By Dawn Graczyk, Sunshine Mom
The best stories make us feel. They include losses that make the gains more incredible. The stories that stay with us include struggle and hurt. And our story includes lots of that. But I need to take this a little farther, because I am also incredibly excited and happy for the things we’ve yet to do!
I am grateful for the struggle and the hurt, because it has increased my compassion and joy. I hope this trip and the sharing of our story will do the same for others.
Recently Marissa said, “I don’t get it, Mom. I know I should feel happy, but I also feel sad. I don’t understand.”
Our experience on the road is difficult to put into words. The closest English word is probably bittersweet, but it feels clichéd and doesn’t do justice to the intensity of emotion we are feeling.
A Japanese Word Says it Best
The inability to express myself, to make myself understood to others, is incredibly frustrating to me, so I scoured the internet for a word. I did not find it in English, but in Japanese, the word is natsukashii, which according to BBC future means: “a nostalgic longing for the past, with happiness for the fond memory, yet sadness that it is no longer.”
Natsukashii is as close as it comes to placing my emotions into word form, accounting for past and present,
I am filled with joyful anticipation and hope for the next adventure; the next smiles on my daughters’ faces; the next peal of laughter. I am eager to make new friends and connections; to see what God has planned and what He provides; to see “impossible” shattered and walk right over it.
And yet, I’m filled with longing for the past and sadness for the things that are over. I even begin to feel a tinge of anticipatory sadness, knowing there will be more goodbyes on this trip, and in the coming years.
We won’t pass this way again, at least not like this. We say goodbye to places and friends, and this causes heartache. I look ahead and feel afraid.
When Feelings Intermingle
I am learning that a heart that is truly open does not feel one thing at a time. Joy is not the same as happiness, and is present in the absence of happy feelings. Sadness and longing exist in a heart that is filled with love and contentment. We can be focused on the current moment and still feel the past and future.
Our linear concept of time, our human perceptions, encourage us to place each emotion and experience into little boxes of appropriateness and time. I do not believe this can truly be done, or if it can, I haven’t learned how.I am being pulled in opposing directions at all times, longing for both past and present; sorrowful for and eager for each.

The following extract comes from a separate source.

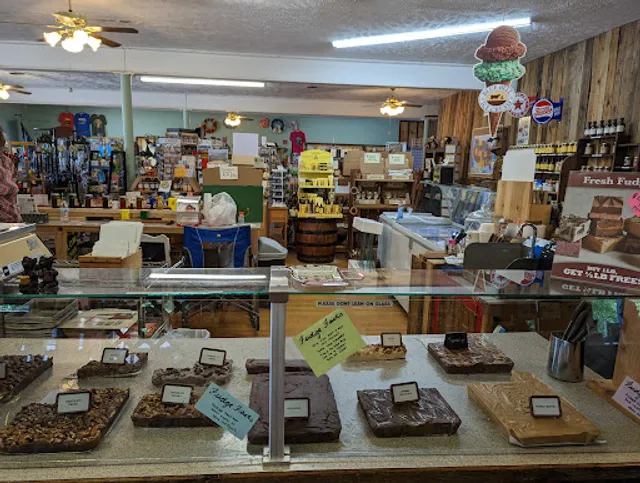 Rocky Top Country Store & Pizza Co.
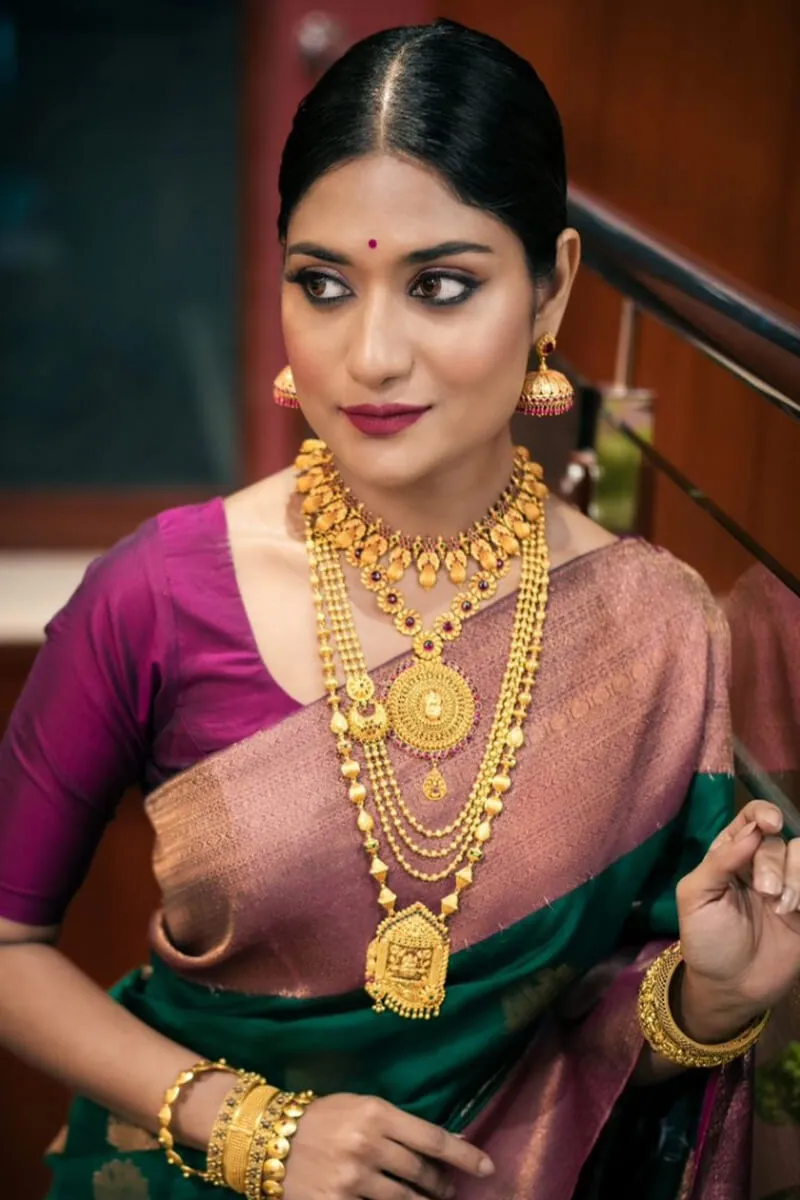 Elision Dark Green Soft Silk Saree With Dalliance Blouse Piece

Can great beauty be described? When we see and experience true beauty, doesn’t it spark conflicting emotions in us? When the sunset explodes in color, don’t we say it is “heartbreakingly beautiful?” When a new baby is born, don’t we shed tears of joy? The human heart does not consider sadness and happiness mutually exclusive.
Many days our story feels normal. It seems no less comedic or tragic than that of any other American. Other days, when I take time to ponder what is going on, I am shocked by just how unusual and difficult things have been; but the difficulty is what has opened me to see and feel the beauty.
Knowing this trip is temporary; that we are transient and each stop has a very brief beginning and end, has made each stop more precious and fascinating. My eyes are open and scanning. I notice the purple lupine growing in the Maine ditches. I spot a bald eagle catching prey. I am awed by the change in scenery, even just the trees, from state to state.
The existence of longing and sadness intensifies my happiness and excitement! The heartache I have experienced, and know I will experience again, has transformed my ability to feel and to see the world with wonder.
I cry more than I ever have, because I am more deeply touched by what others might find ordinary. I have acquired a greater proclivity for heartache but gained compassion and love that I otherwise would have missed out on.
Maine was Memorable
Today we enjoyed our time in Bangor, Maine. The weather was cool and grey, a wonderful break from the intense heat and sunshine of our other stops. We were provided with a tour of the area, author Stephen King’s hometown. Even though we didn’t meet him, we definitely felt Stephen King’s presence in the area. (More on that in my next blog post!) We were interviewed by local media and shared our story and Spreading Sunshine’s story.
When this trip is over, I will have memories that will never leave. It will be natsukashii, a feeling of longing for a time past, but full of happiness for what has been. But it is more. My memories will exist next to create hope for the future. It will never be simple, and it will never be the same. It will be greater.